▸ Items from a data source

-----

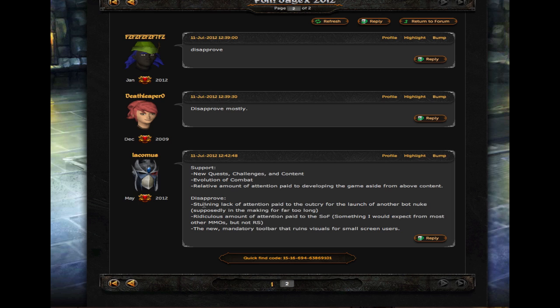Lackamiss here says, stunning lack of attention paid to the outcry for the launch of another bot nuke, supposedly in the making for far too long. Exactly, whenever they first started talking about a bot nuke, the first one, it happened in like two weeks.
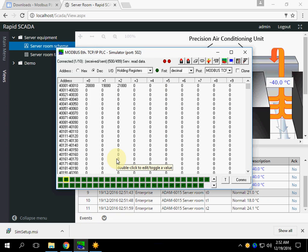So the Modbus simulator works perfectly.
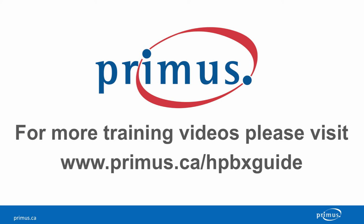This completes our auto attendant video. Please review the rest of the auto attendant videos for more programming information. Thank you for watching.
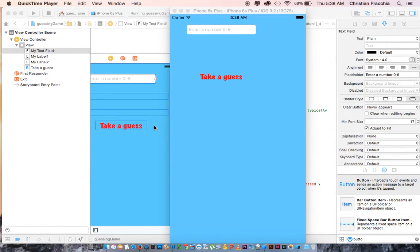Welcome to tutorial 4. This is Xcode with Swift.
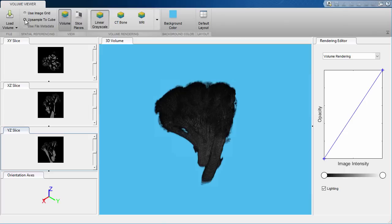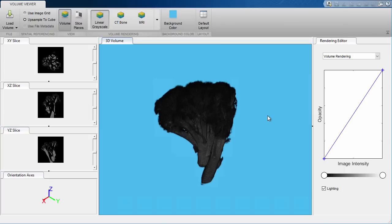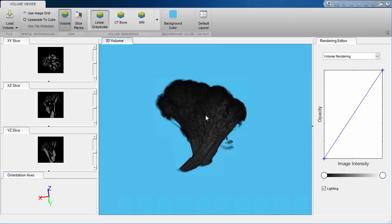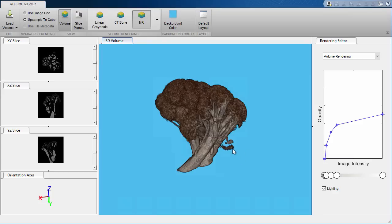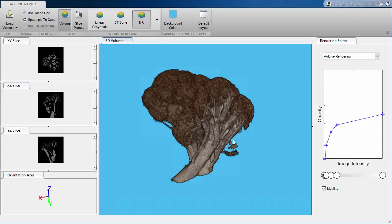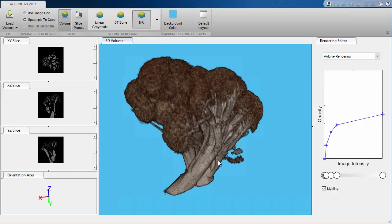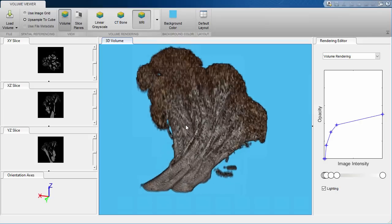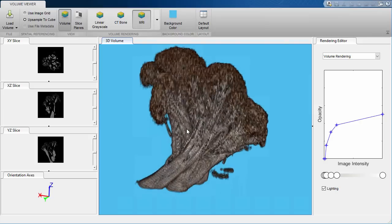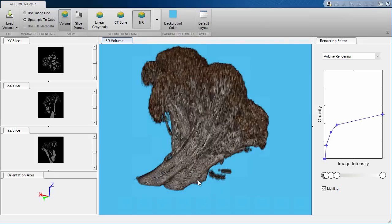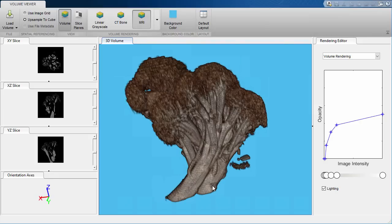We can then visualize the result and see how well the segmentation worked. If the idea worked, great. If it didn't, that's fine. You can see this, try something else, and visualize those results too.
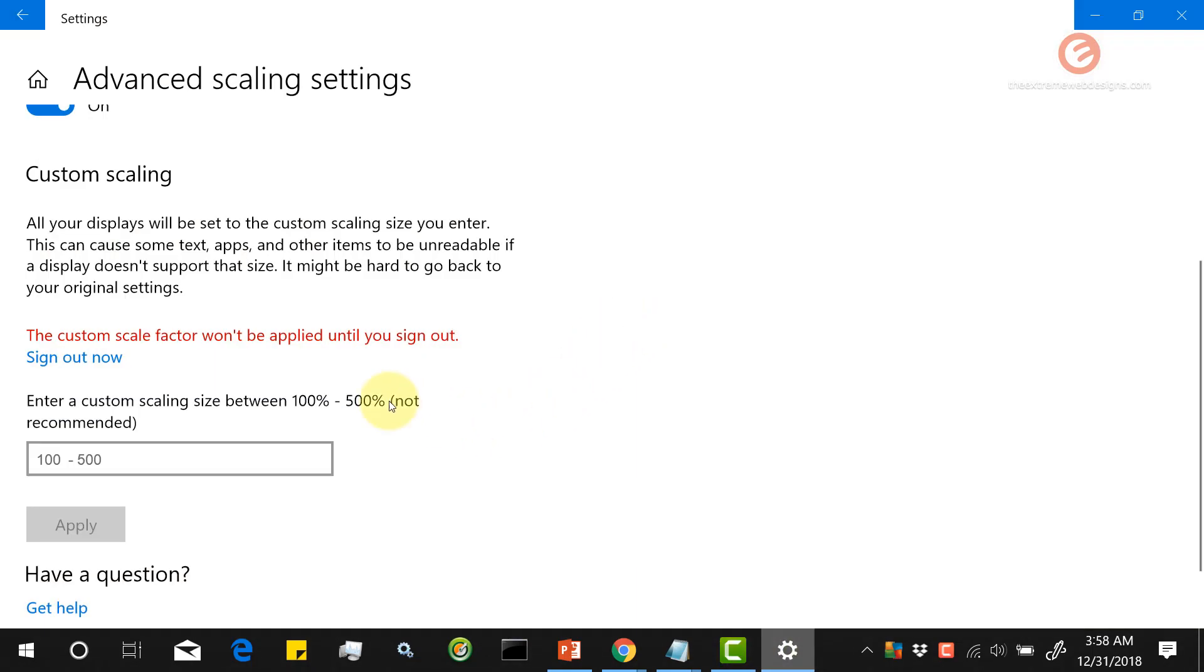If you want your changes to be visible, just make sure that you sign out and sign back in. So that is how you can easily change the font size or text size in Windows 10.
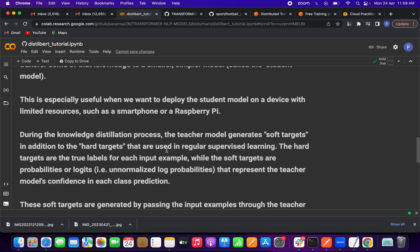What are soft targets and hard targets? The model predicts an output. Hard targets mean it predicts one probability only — there is no distribution. Soft targets mean it predicts different probabilities that form a distribution. That is the difference between soft targets and hard targets.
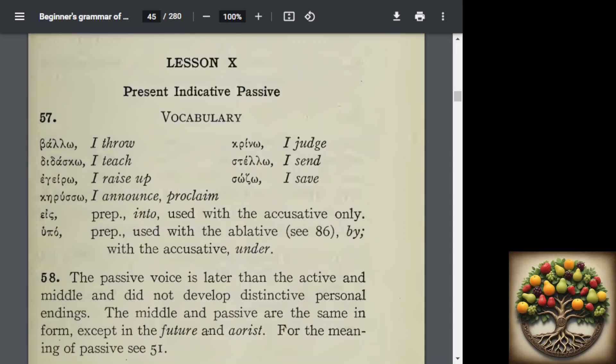We also have two prepositions. 'Ace' means 'into' and is used with the accusative only, though at times it can mean 'in.' We also have 'hoopoe': when used with the ablative it means 'by,' and when used with the accusative case it means 'under' — kind of like hypo and hyper. Think of hypo — this is hoopoe.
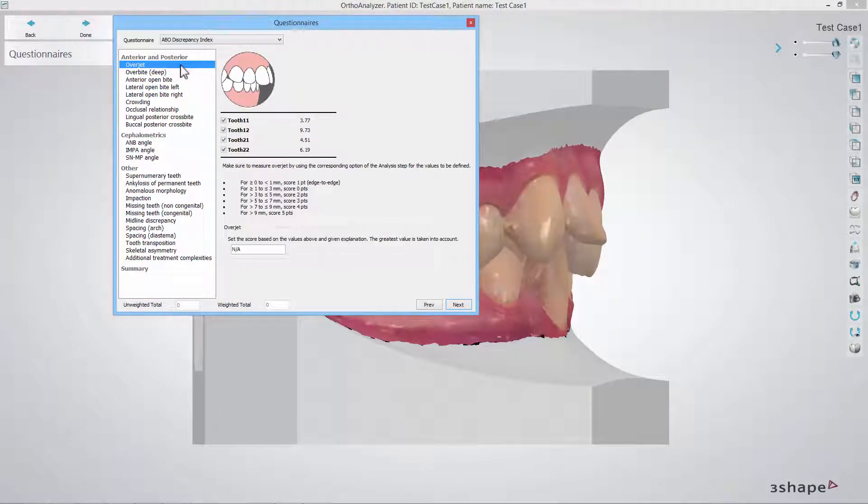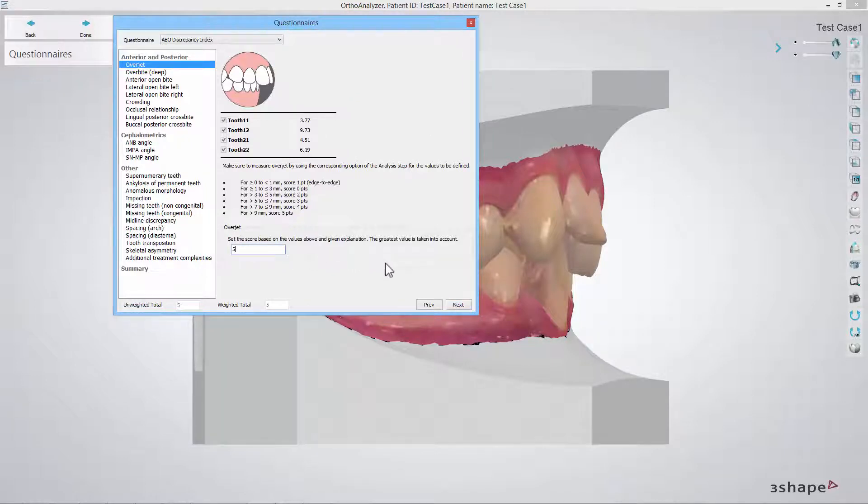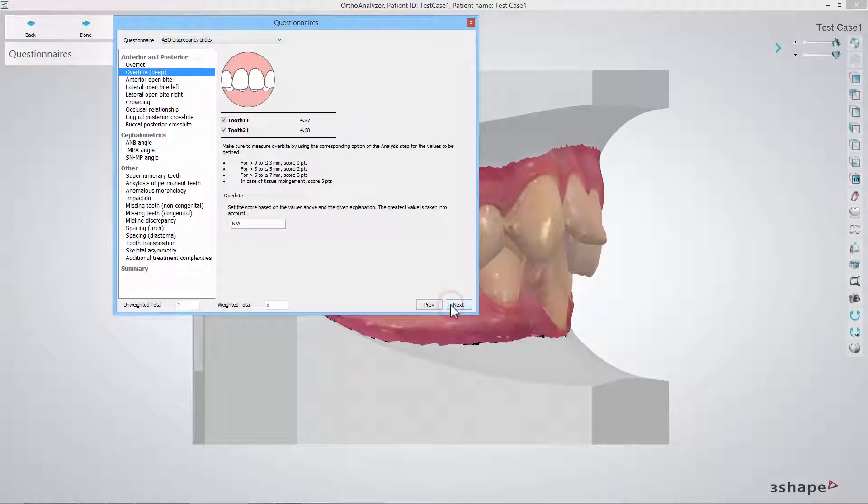In the overjet step all incisors are included in the assessment. Here you fill in the score that corresponds with the highest overjet value shown based on the instructions presented in this step. Fill in the corresponding score now. Please remember that this kind of workflow will repeat for the following steps.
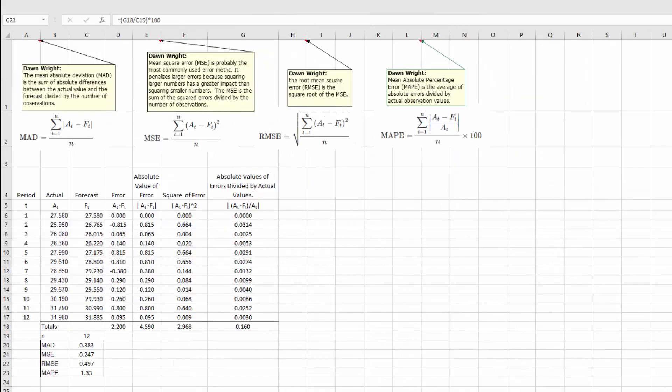Hi, this is Don and I thought I would take a couple of minutes and show you how I would set up a spreadsheet to calculate the MAD, the MSE, the RMSE, and the MAPE. This is really pretty straightforward to do if you take the time to set your spreadsheet up and think about the formulas. Let's look at those first of all.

-----

▸ Task statement
Only the lines from the one containing "We also have two" through the final line of the records should be transcribed, exactly and with no pictures.

▸ Answer box
We also have two prepositions. 'Ace' means 'into' and is used with the accusative only, though at times it can mean 'in.' We also have 'hoopoe': when used with the ablative it means 'by,' and when used with the accusative case it means 'under' — kind of like hypo and hyper. Think of hypo — this is hoopoe.
In the overjet step all incisors are included in the assessment. Here you fill in the score that corresponds with the highest overjet value shown based on the instructions presented in this step. Fill in the corresponding score now. Please remember that this kind of workflow will repeat for the following steps.
Hi, this is Don and I thought I would take a couple of minutes and show you how I would set up a spreadsheet to calculate the MAD, the MSE, the RMSE, and the MAPE. This is really pretty straightforward to do if you take the time to set your spreadsheet up and think about the formulas. Let's look at those first of all.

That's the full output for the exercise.